In the days before big data, people used to run their businesses based on ‘gut feel’. Many still do, writes Minnaar Fourie, commercial director at King Price Insurance.
Then along came a tsunami of data, and suddenly everyone thought all their decisions were taken care of. But here’s the problem: Right now, we’ve got tons of data, but we’re still not making smarter business decisions.
Executives have smart dashboards, and more reports than they can use. And yet, they still feel left in the lurch with all this data. Is it trustworthy? How do they prioritise it? How do they relate disparate data sets before they can deduce some intelligence to improve their decision-making? The nett result is that they still need help making decisions.
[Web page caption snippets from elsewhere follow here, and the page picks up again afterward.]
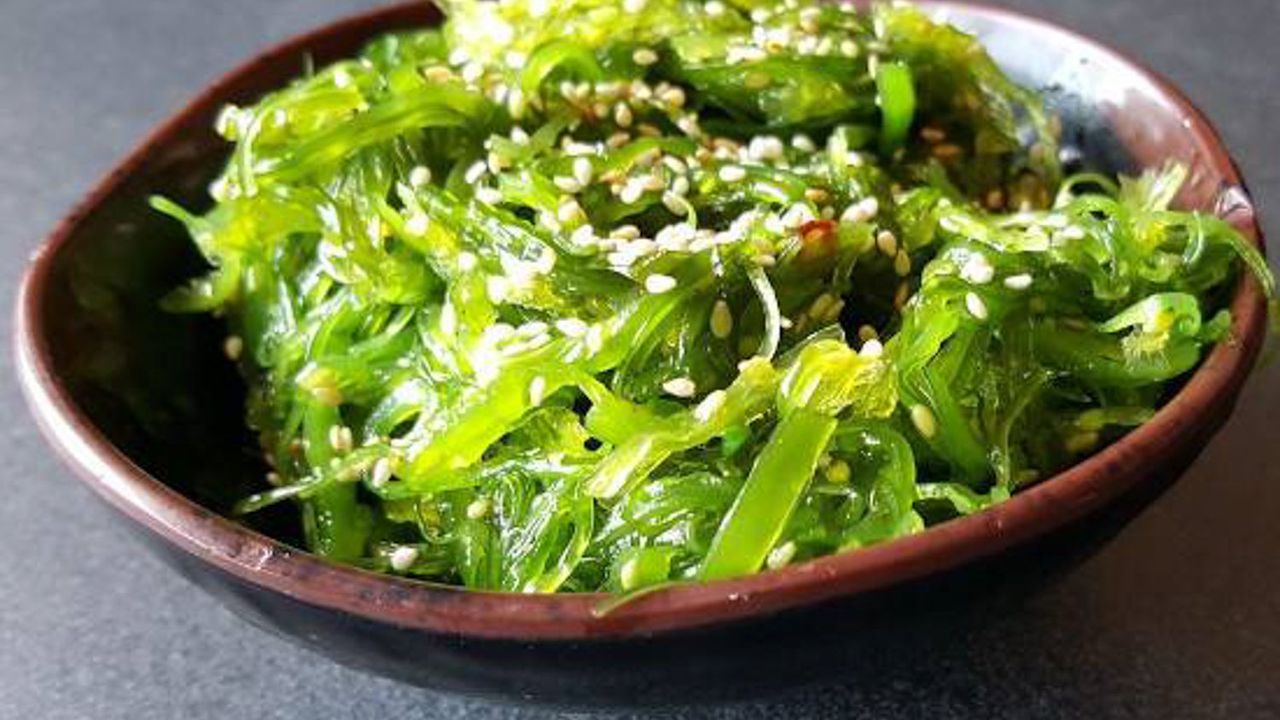 Seaweed Salad (V)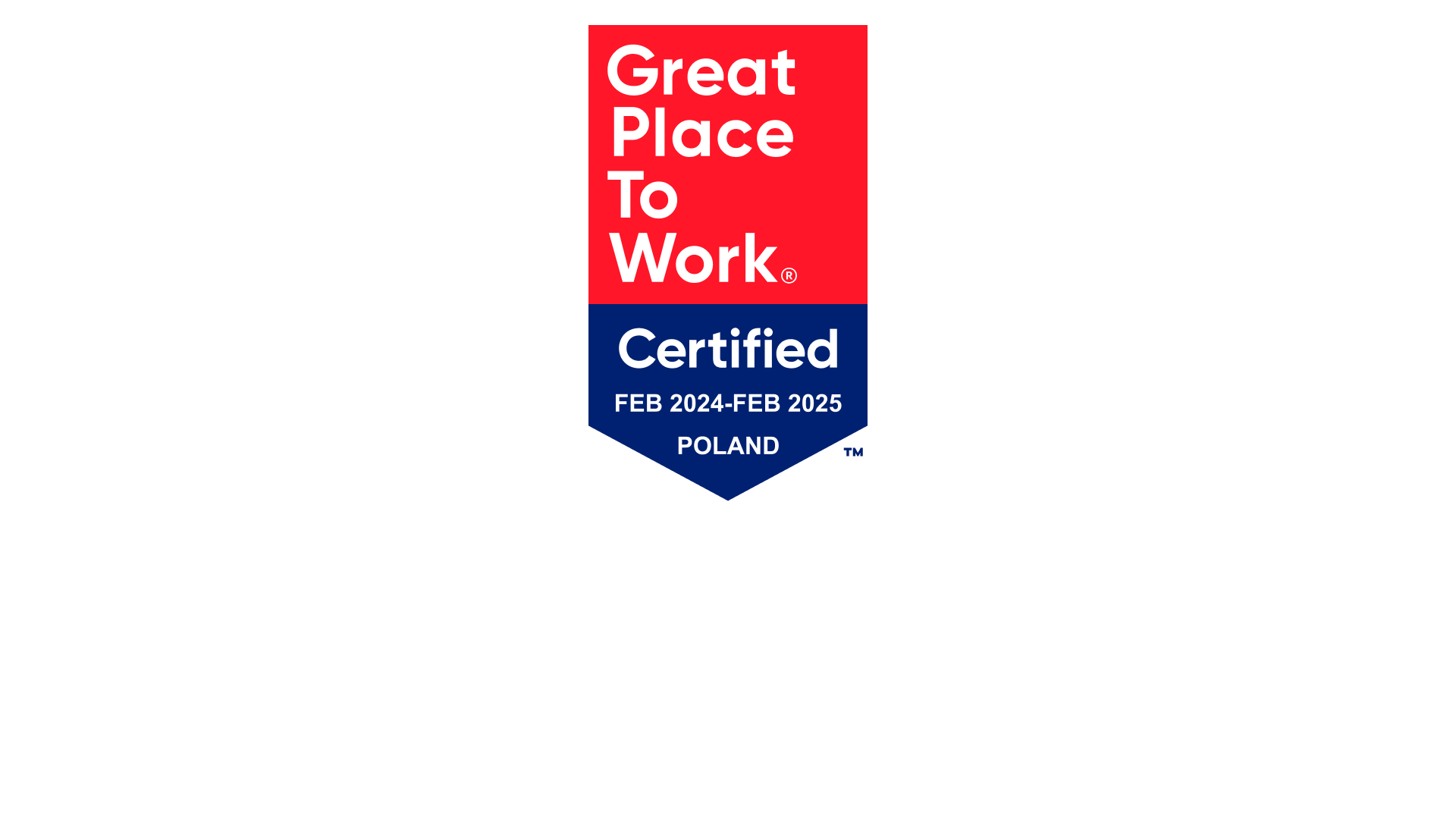 Great Place To Work ®  | Omida Sea And Air S.A.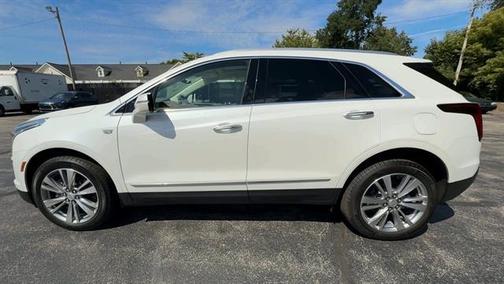 2024 Cadillac XT5 Premium Luxury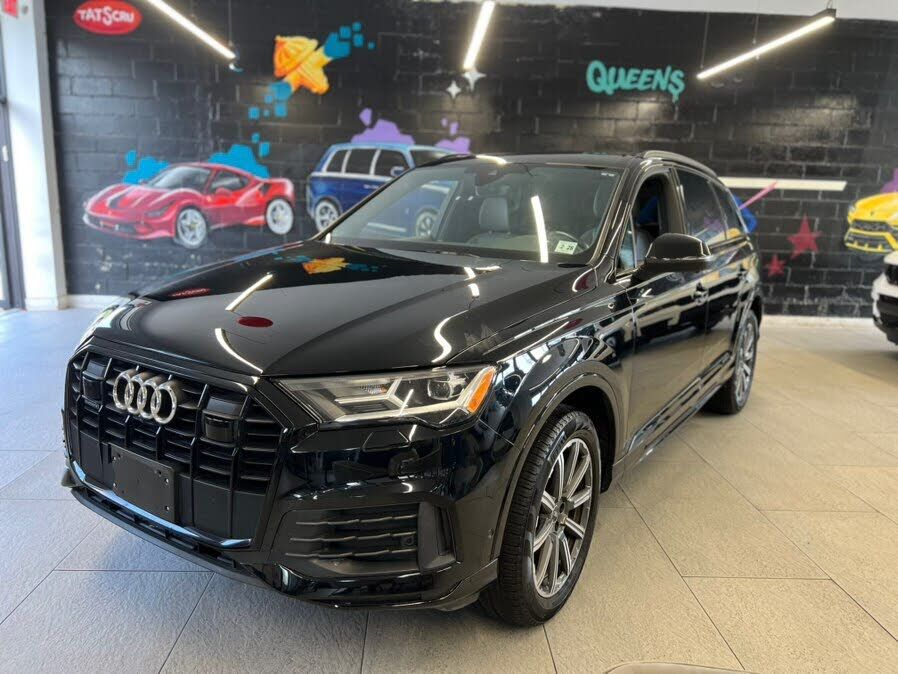 2023 AUDI Q7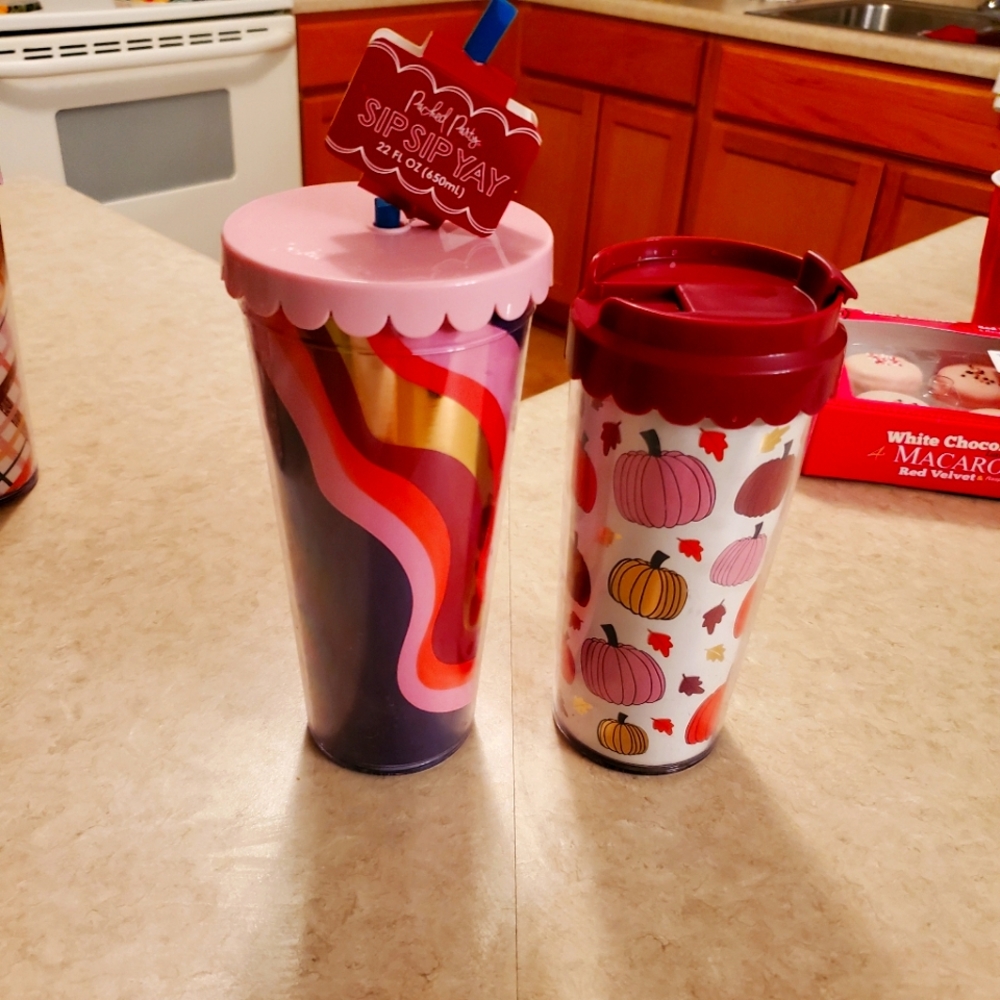 Tumblers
The first step to solving this problem? Let’s stop talking about data as the ‘next big thing’ and instead focus on decision modelling. In other words, let’s focus on the process we use to make our decisions, rather than relying solely on data. Our businesses are drowning in data, but many have no way of doing anything with it, because very few mine intelligence from it. We must help stakeholders to make specific decisions by presenting useful data insights to key questions.
At King Price, we use something we call ‘decision science’ to turn the analysis process on its head. It doesn’t look at the data first: Rather, it takes a 360-degree look at the business problem and then looks to the data for answers.
This is key. To execute good decisions, we must start by looking at our company strategy and business priorities. If data isn’t contextualised for our specific needs, we still won’t be able to make good, fast decisions. We must sense-check whether the questions we’re asking of the data are the right ones to start with.
We also still need to allow for data exploration. There will always be some surprises. We need to look for and spot trends, and see what machine learning can unearth in terms of data that we had never anticipated.
It’s also critical to review our decisions after the fact to see where we could have done better. We hardly ever critique our decision-making. We don’t stop and question how we make decisions. We don’t interrogate the impact of the process on the final decision. We use data based on the intelligence we have at a specific time, but are we missing something? Are we overvaluing a certain category? What can we do next time in the decision-making process to get a better result?
This way, our learning loop becomes faster and richer, and we develop a mindset that will create a culture of learning and result in better decisions.
One example of how we at King Price focus on the decision-making process is when we’re deciding on ex-gratia payments during claims. Here, we distil the decision process into five questions.
The first question needs a binary answer before the decision-maker can progress to the next question. If all five questions pass the decision ‘gates’ then the payment can be made.
Another example is portfolio management, where it’s relatively easy to look back six to 12 months after a project has been completed to see whether the original anticipated benefits have been realised.
Decision-makers can then build the learnings from the benefits management process into project selection earlier in the project lifecycle, thus having better foresight to decide which projects to terminate and which projects should receive additional resources.
The bottom line? To make the most of our data, we need to start focusing on the decision-making process. Decision science is a real thing. And it’s through this multi-disciplinary approach to applying quantitative methods that we can make better, more informed decisions.